La portavoz del Grupo Parlamentario Popular en el Congreso, Ester Muñoz, ha subrayado que “con orden, control y de una forma razonable las cosas van bien”, pero ha advertido de que cuando el Gobierno actúa “como cortina de humo para tapar lo que tiene encima, el resultado es frívolo e irresponsable”.
Muñoz ha recordado el “absoluto desastre” que supuso la gestión del Ejecutivo con los menores migrantes, denunciando que fueron tratados “como si fueran paquetes”. En este sentido, ha alertado de que “cuando no hay control ni orden, la gente tiene miedo, y el miedo lleva al odio”, subrayando que “en el Partido Popular no queremos bajo ningún concepto una sociedad que odie”.
En relación con las tragedias ferroviarias de Adamuz y Gélida, la portavoz popular ha acusado al ministro de Transportes, Óscar Puente, de mentir “desde el primer día”, y al presidente del Gobierno, Pedro Sánchez, de estar “desaparecido y parapetado” tras su ministro. A su juicio, la ausencia del presidente en el funeral de las víctimas responde a que “no quiere ir porque sabe lo que le pueden decir los familiares”.
Sobre la revalorización de las pensiones, Muñoz ha explicado que el Gobierno ha intentado imponer el relato de que la responsabilidad del bloqueo era del Partido Popular, algo que “no les está saliendo nada bien”, porque los ciudadanos saben que el PP está de acuerdo con la revalorización. En este punto, ha recordado que el real decreto ley presentado por el Ejecutivo era “un trágala”, al mezclar cuestiones que no tenían relación.
La portavoz del GPP ha asegurado que, si el Gobierno quiere revalorizar las pensiones cuanto antes, “lo tiene muy fácil”: basta con llevar al Congreso un real decreto ley único y específico. “El Partido Popular lo apoyaría mañana mismo, incluso en un Pleno extraordinario”, ha afirmado.

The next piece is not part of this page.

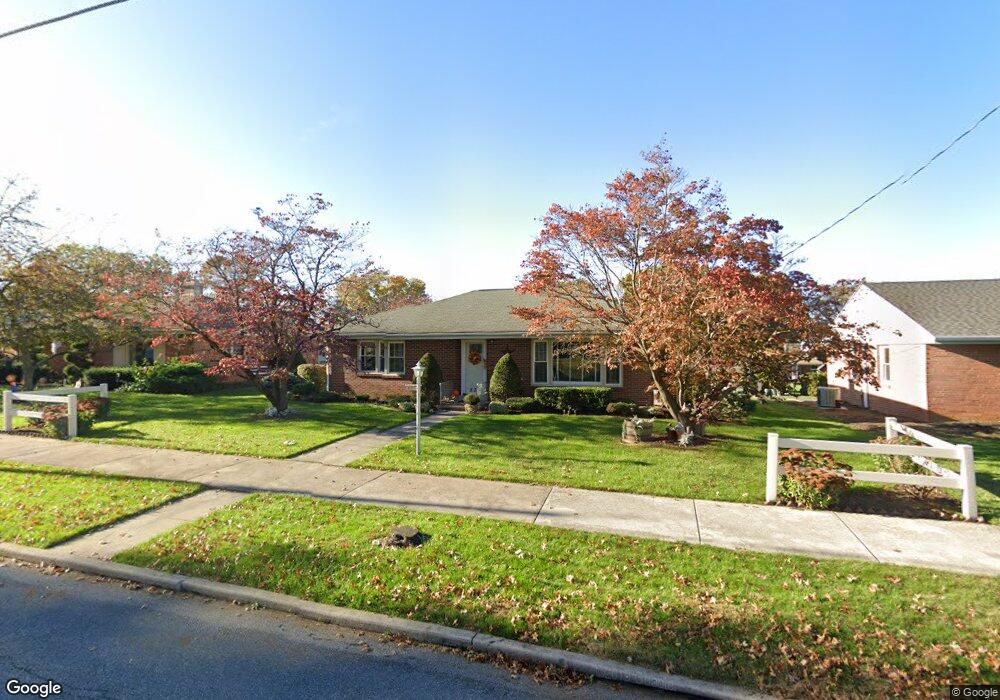 839 E Maple St, Palmyra, PA 17078 - photo 1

Por último, Muñoz se ha referido a la renuncia de José Luis Ábalos a su acta de diputado, señalando que esta decisión puede provocar que causas distintas a las relacionadas con las mascarillas pasen a la Audiencia Nacional, con el consiguiente retraso de los procesos judiciales. “Cada uno que le ponga el adjetivo que quiera, pero es evidente que eso es lo que están consiguiendo con la renuncia del señor Ábalos”, ha concluido.